= About this exercise =
Output, exactly as written, the lines below from the one that has "Beagle Canil Pedra" through the one that has "袁隆平最新科研進(jìn)展揭秘，突破性進(jìn)展引人矚目"; nothing else, and no pictures.

= Entries supplied =
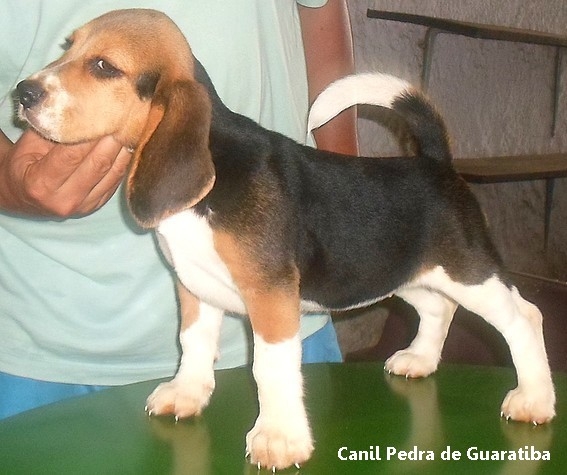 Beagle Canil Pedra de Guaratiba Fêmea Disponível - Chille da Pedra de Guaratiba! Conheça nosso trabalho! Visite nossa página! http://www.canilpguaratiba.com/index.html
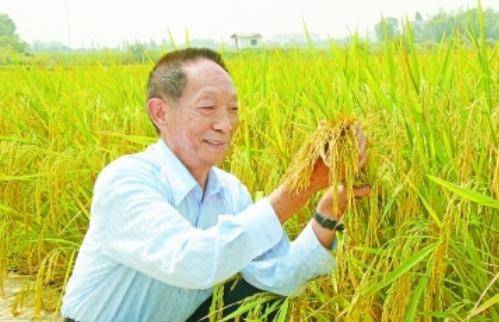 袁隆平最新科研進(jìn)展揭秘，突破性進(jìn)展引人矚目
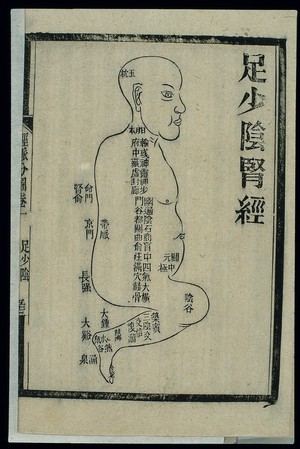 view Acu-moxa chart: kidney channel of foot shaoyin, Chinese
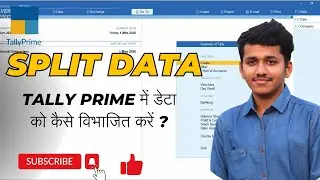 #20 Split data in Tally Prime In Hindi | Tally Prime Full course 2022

* * *

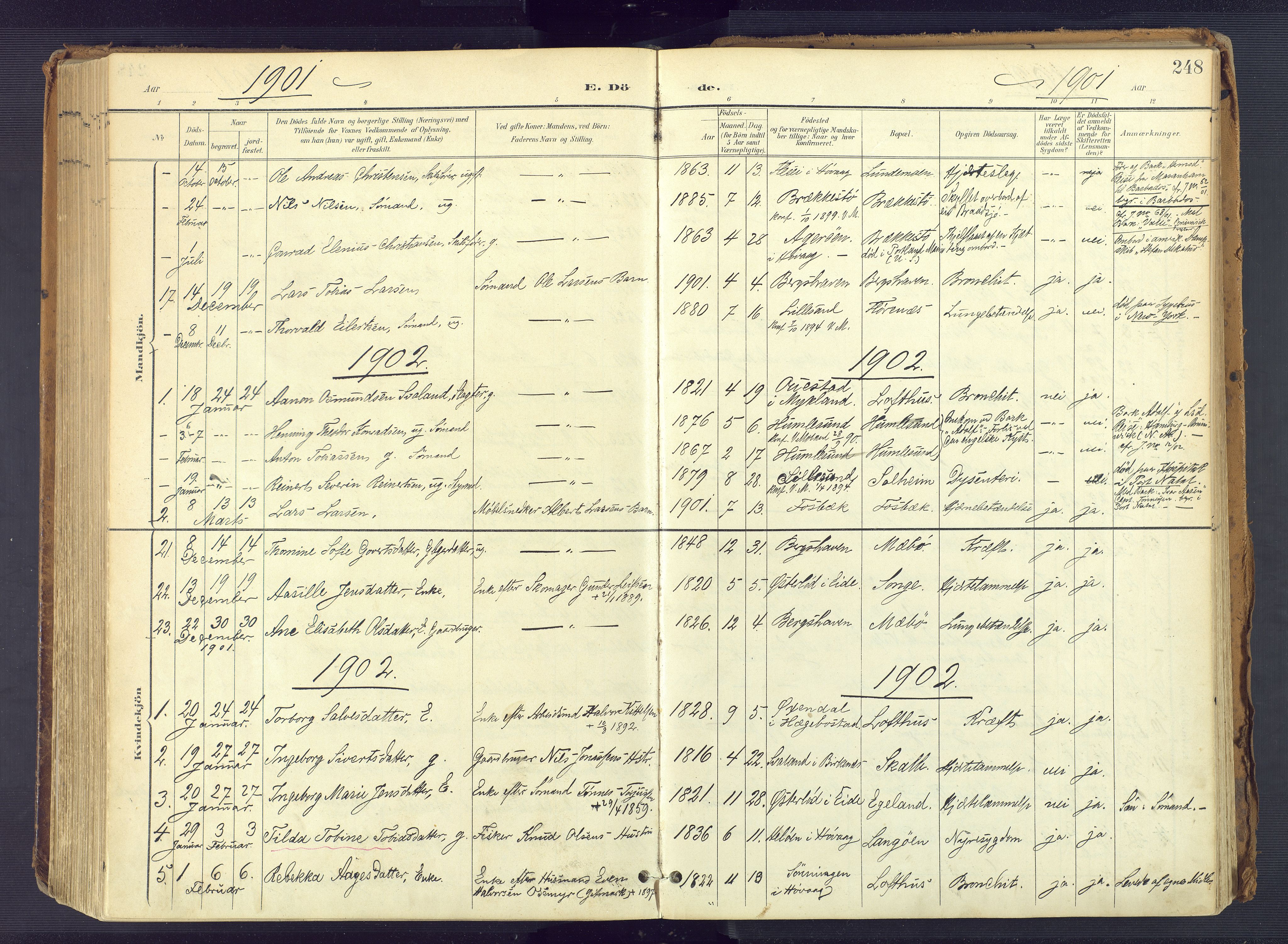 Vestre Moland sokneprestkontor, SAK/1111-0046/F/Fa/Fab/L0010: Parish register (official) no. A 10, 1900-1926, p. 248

= Output of the task =
 Beagle Canil Pedra de Guaratiba Fêmea Disponível - Chille da Pedra de Guaratiba! Conheça nosso trabalho! Visite nossa página! http://www.canilpguaratiba.com/index.html
 袁隆平最新科研進(jìn)展揭秘，突破性進(jìn)展引人矚目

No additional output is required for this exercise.